We tackle the efficiency problem of learning local feature matching. Recent advancements have given rise to purely CNN-based and transformer-based approaches, each augmented with deep learning techniques. While CNN-based methods often excel in matching speed, transformer-based methods tend to provide more accurate matches. We propose an efficient transformer-based network architecture for local feature matching. This technique is built on constructing multiple homography hypotheses to approximate the continuous correspondence in the real world and uni-directional cross-attention to accelerate the refinement. On the YFCC100M dataset, our matching accuracy is competitive with LoFTR, a state-of-the-art transformer-based architecture, while the inference speed is boosted to 4 times, even outperforming the CNN-based methods.

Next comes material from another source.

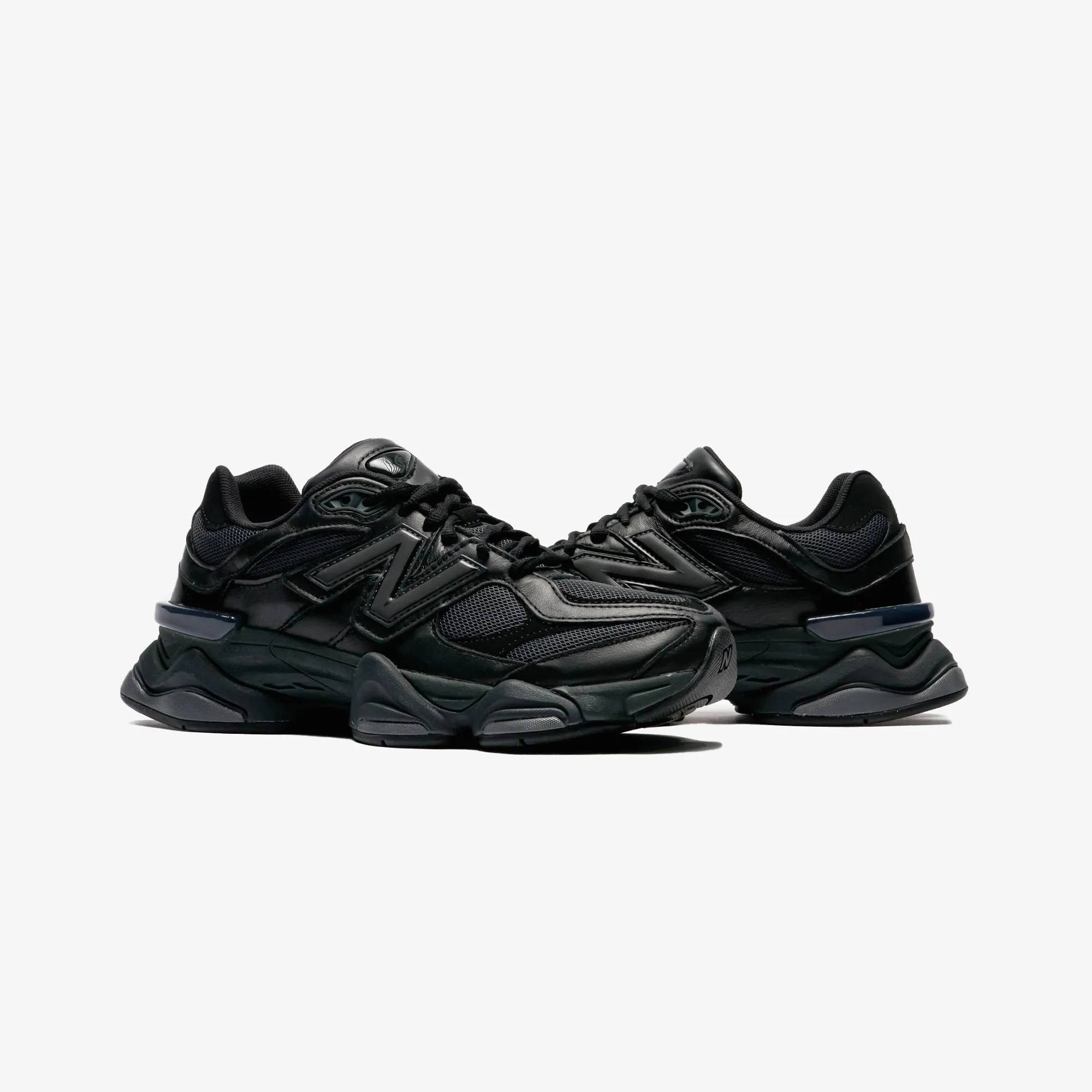 New Balance | 9060  { TEA TREE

Comprehensive evaluations on other open datasets such as Megadepth, ScanNet, and HPatches demonstrate our method's efficacy, highlighting its potential to significantly enhance a wide array of downstream applications.

Paper Structure

This paper contains 15 sections, 8 equations, 4 figures, 4 tables.

Figures (4)

  • Figure 1: ETO goes beyond the Pareto curve between accuracy and Efficiency. This figure shows the performance of different state-of-the-art methods on YFCC100M. We take into account the time for the extraction of feature and their description. LightGlue and LightGlue* are different settings of LightGlue.

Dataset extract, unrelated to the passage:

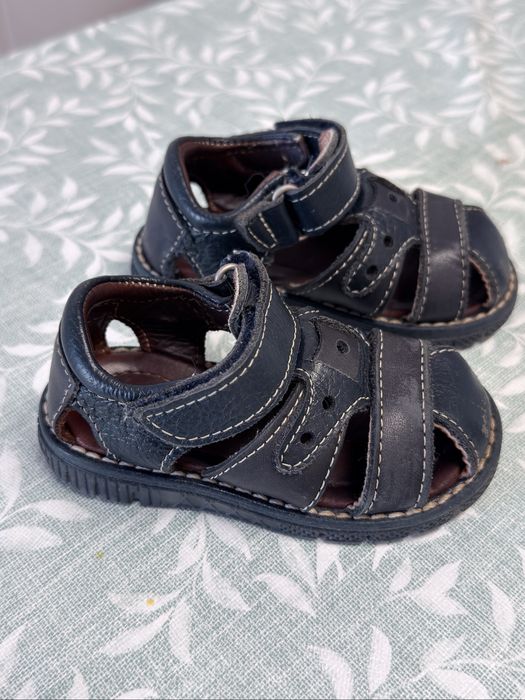 Sandalias menino 21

  • Figure 2: As demonstrated in the figure, there exists a correspondence between two red regions on the sphere. In contrast to uniform hypotheses, homography hypotheses approximate the correspondence function better, which allows for more precise matching results with fewer computational resources.

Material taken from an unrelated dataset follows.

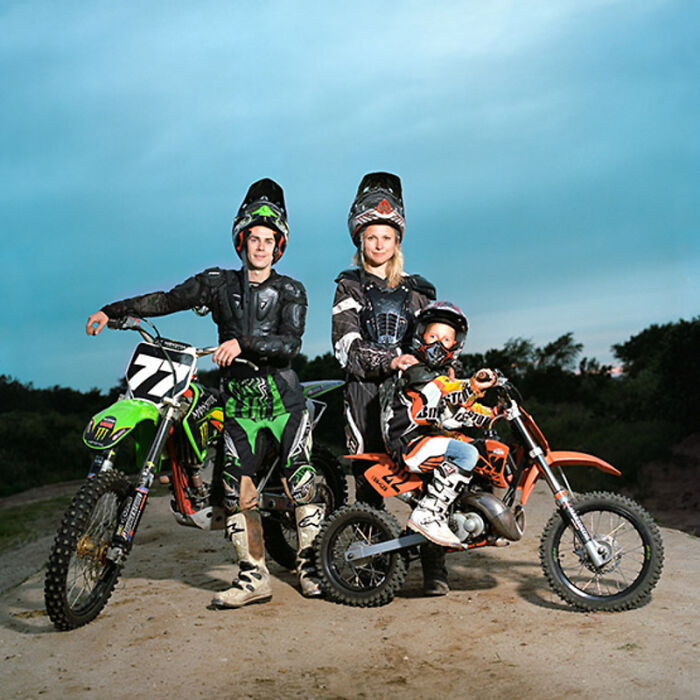 Photographer Transforms To Join Other Strangers' Family (72 New Pics)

  • Figure 3: Given the source image $\mathcal{S}$ and target image $\mathcal{T}$, we first use a U-Net like feature extractor to get images' feature map at different resolution: $M_1$ (H/32 $\times$ W/32), $M_2$ (H/8 $\times$ W/8) and $M_3$ (H/2 $\times$ W/2). We use local $3\times 3$ patches to illustrate our method: (a) We estimate homography hypotheses $H_i$ for every feature after performing transformer. (b) We segment the map from these hypotheses to minimize projection errors. With the applied homography matrix $\hat{H}_j$, we can project the chosen source point $P_j^s$ to target point $P_j^t$ . (c) We update the $P_j^t$ to $P_j^{t*}$ after a uni-directional cross attention. The training process is split into two parts, the coarse and the fine. We train the coarse part with $L_H$, while training the fine part with $L_s$ and $L_r$.
  • Figure 4: Any unit $j$ on $M_2$ should be classified for a hypotheses in $\mathcal{H}$ to minimize projection error. Each $H_i$ describes a plane.